Beginning with the line that contains "New 2026 Nissan Frontier S image 36", repeat each line exactly through the end of the listing below. Pictures stay out.
##### RECORDED DATA #####
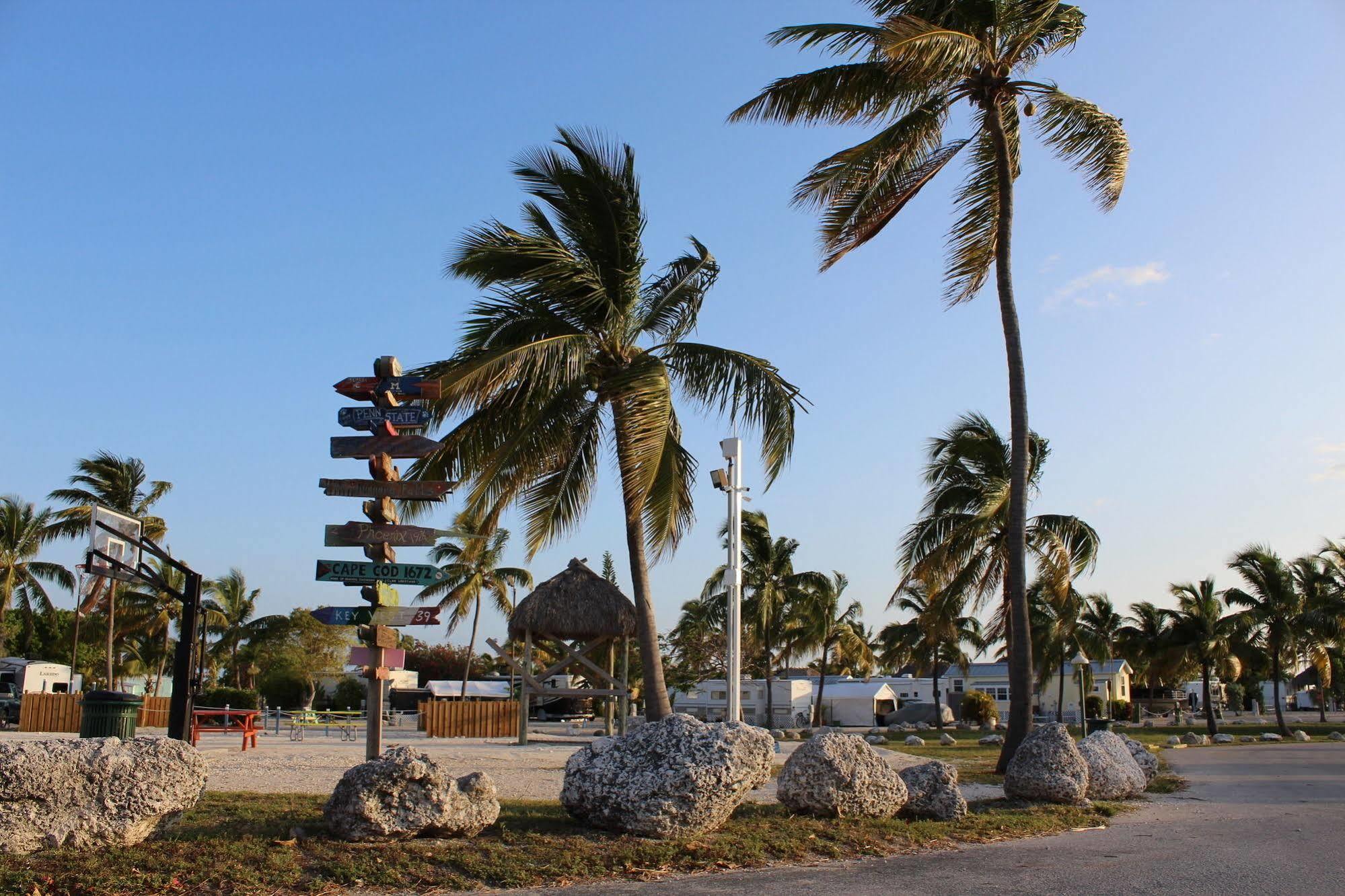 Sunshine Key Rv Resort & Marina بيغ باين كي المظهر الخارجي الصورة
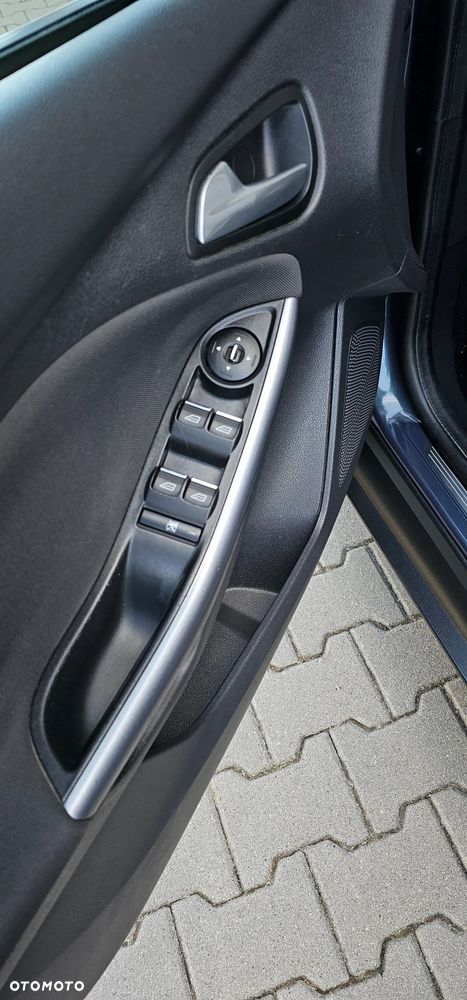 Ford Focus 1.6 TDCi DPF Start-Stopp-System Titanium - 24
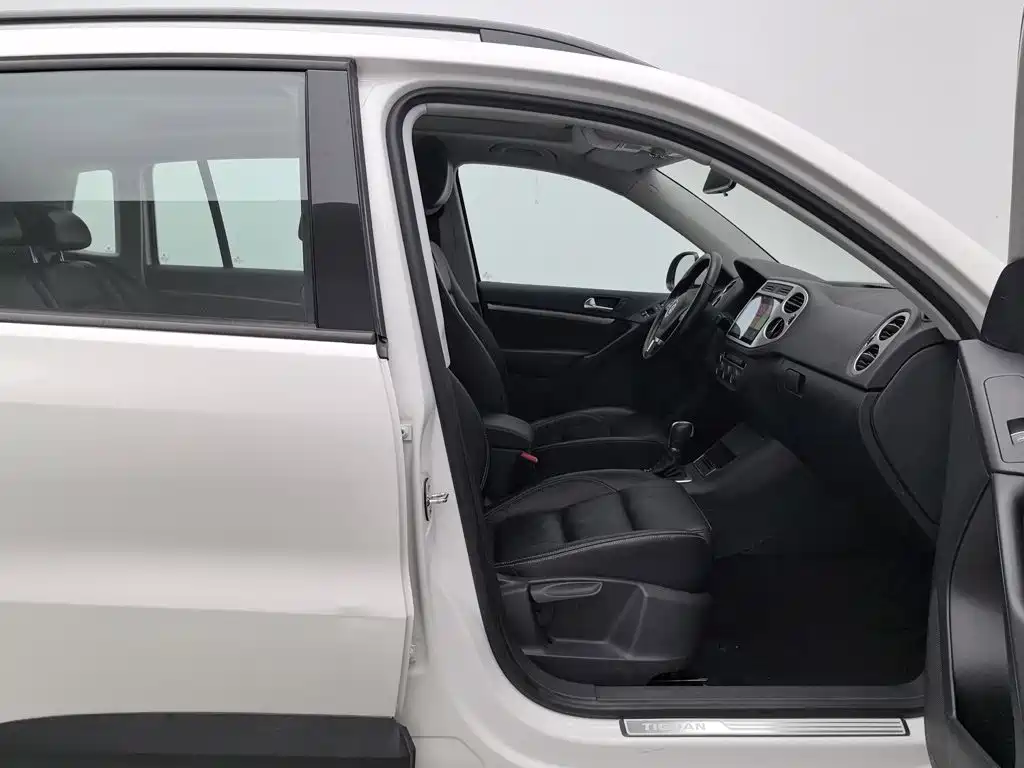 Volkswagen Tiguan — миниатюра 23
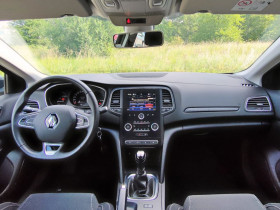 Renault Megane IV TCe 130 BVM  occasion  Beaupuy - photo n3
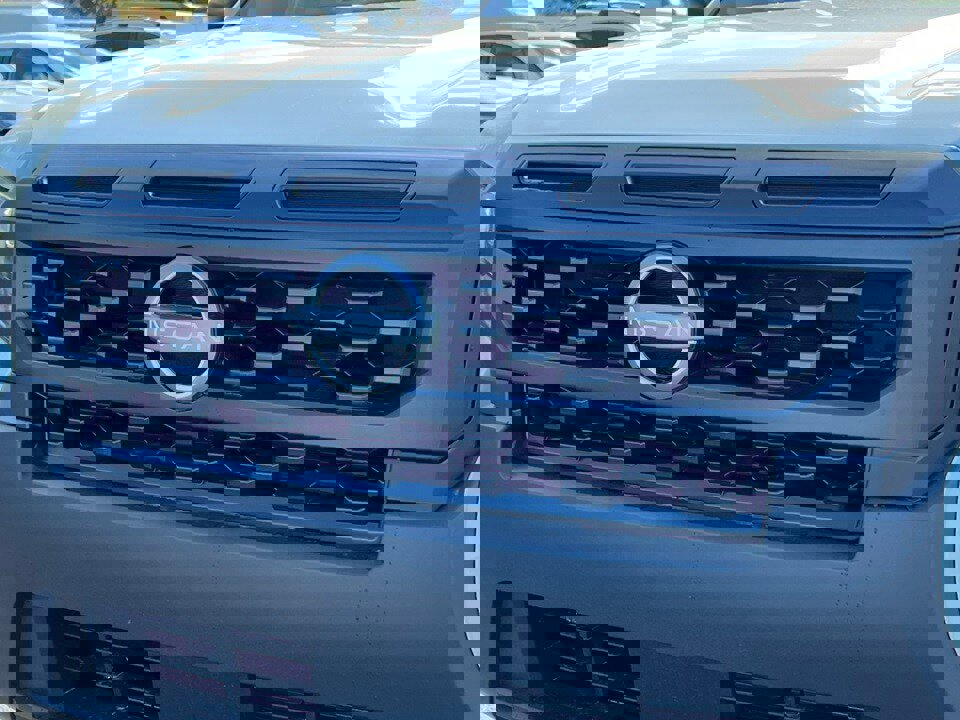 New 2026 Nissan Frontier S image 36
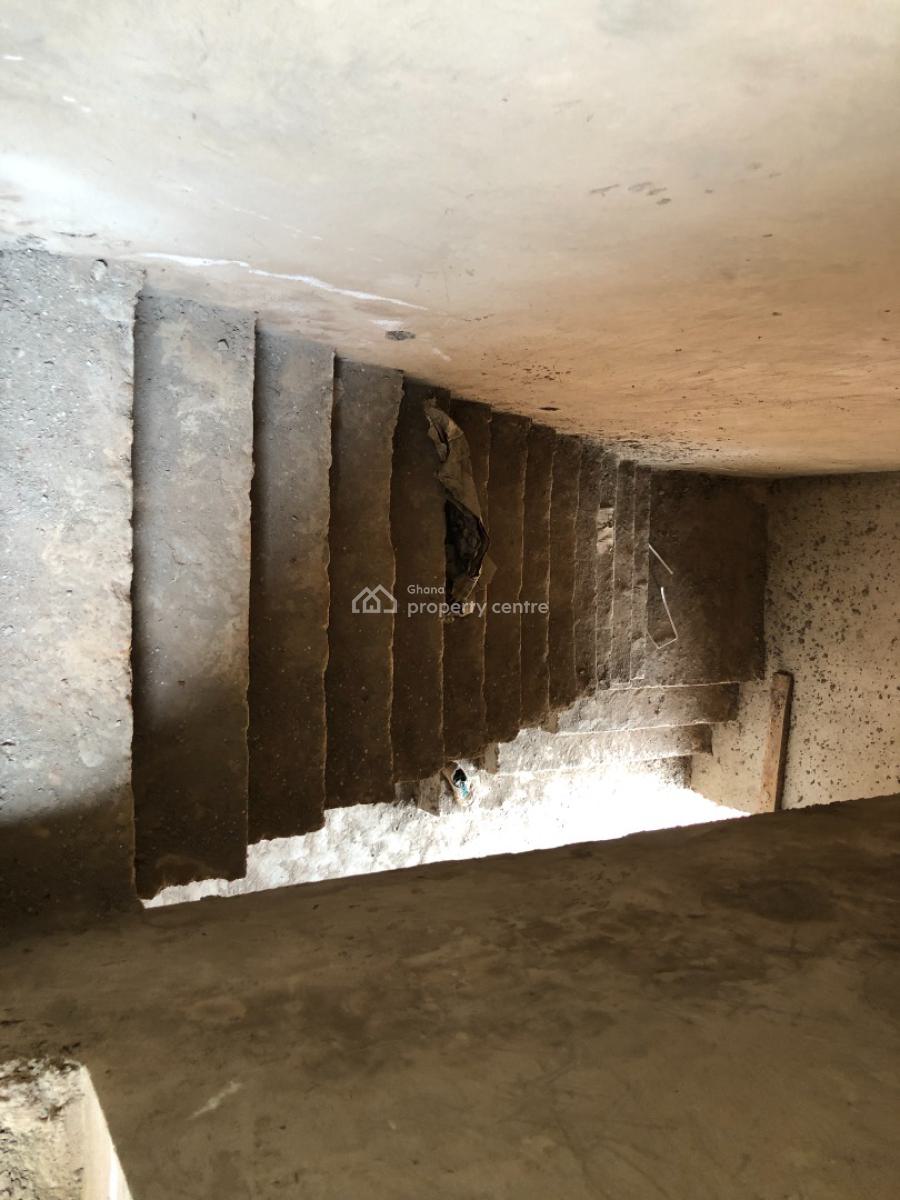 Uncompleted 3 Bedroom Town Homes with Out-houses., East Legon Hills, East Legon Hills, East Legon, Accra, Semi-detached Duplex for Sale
#####
SOLUTION TO THIS TASK:
 New 2026 Nissan Frontier S image 36
 Uncompleted 3 Bedroom Town Homes with Out-houses., East Legon Hills, East Legon Hills, East Legon, Accra, Semi-detached Duplex for Sale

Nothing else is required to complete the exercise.